Wednesday, February 17, 2010

Working with Precious Metal Clay

This is my process of working with metal clay. I don't go into the detailed step-by-step of how it's done because there are so many great books out there (listed below) that do it so much better than I ever could. The purpose of this post is to share with clients how their jewelry is made.

One of my favorite mediums to work with, Precious Metal Clay, is a clay-like substance that is made of small particles of pure metal (such as silver) mixed with an organic binder and water. Metal clay can be shaped or cut just like any soft clay, by hand or using molds. After the clay dries, it can be fired in a kiln where the binder burns away, leaving the pure metal.

When working with Precious Metal Clay, or PMC, I use a large number of tools to mold, cut or shape the clay into the piece I'm trying to create. I've worked with rubber stamps, steel lettering stamps, cookie cutters, PMC molds and impression templates. One of the great features of PMC is that you can use simple household objects as tools. Really, anything that will make an impression in the clay can be used, but avoid aluminum tools as they cause chemical comtamination.

My favorite technique is to make impressions from objects that have special meaning. You may have seen the Antique Flower Impression Necklace where I used an antique silver sugar bowl my grandmother gave me.

(TIP) When I find an object I want to take an impression of, I use Playdough to test if the object will leave the desired impression before attempting it with the clay. For example, I tried many times to take an impression from antique flatware only to discover the markings in the flatware were not deep enough to make an impression in the clay.

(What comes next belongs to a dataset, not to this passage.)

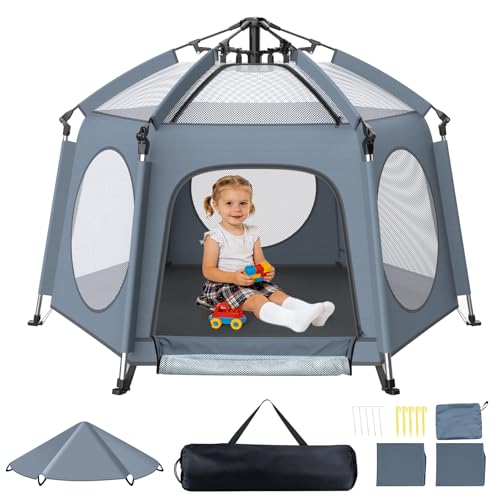 DICOLIN Pop Up Baby Playpen Instant Setup Anti-Tipping Playard with UV Canopy & Mosquito Net Portable Indoor Outdoor Beach Play Yard Travel Crib with Carry Bag Grey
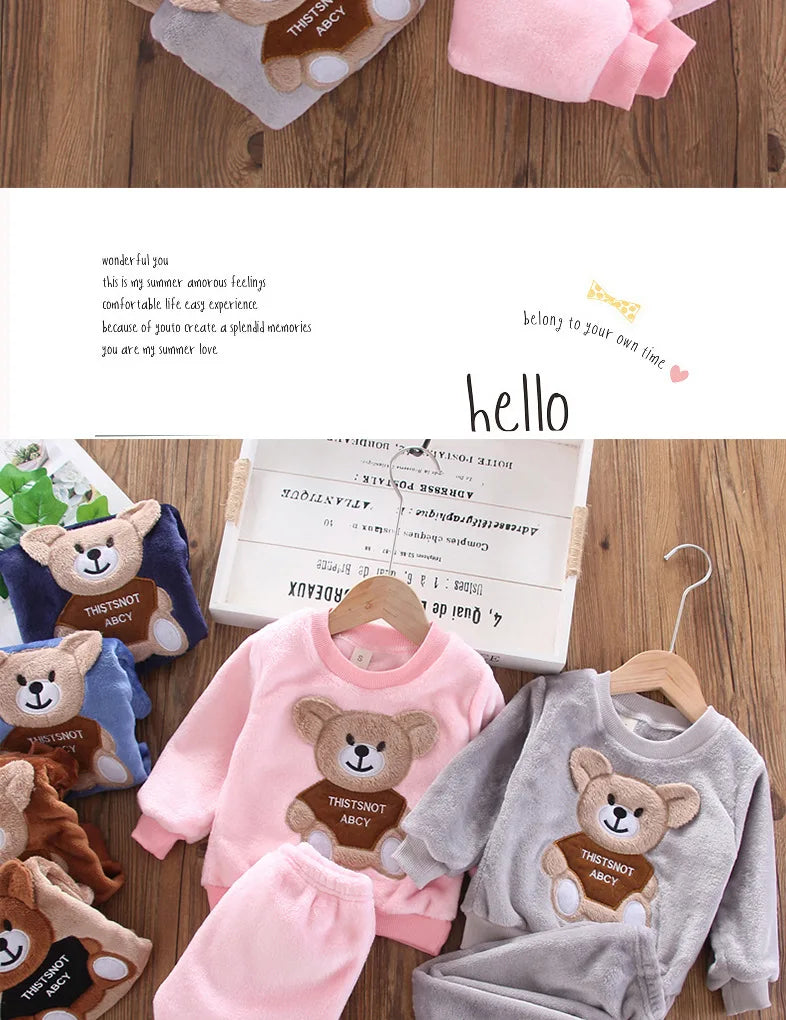 Cartoon Bear Flannel Pyjama Set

Once I am ready to work with the clay, I lay out all the tools I'm going to need on my work space. PMC can dry out on you fairly quickly. (Esp in the the winter when I'm blasting the heater to keep warm) So I want all my tools within reach.

(TIP) I always talk through a 'plan of action' before I begin.

"1. roll out the clay with this rolling pen (touch the pen),

2. cut the clay with this cutter (touch the cutter), etc..."

This mental check list helps me determine if all of my tools are ready. If I'm really feeling obsessive, I will even make a mockup of the pieces I'm about to create with Playdough first.

Once everything is in place, I open the clay and get to work cutting, shaping, molding, whatever the piece calls for.

As you work, the clay becomes dry and leathery. Keep a spray bottle of water close by to remoisten the clay. I keep my scraps in an airtight container with a tiny damp sponge at the bottom.

Once I'm finished, I prefer to allow my pieces to air dry overnight. Some people use hotplates to speed up the process.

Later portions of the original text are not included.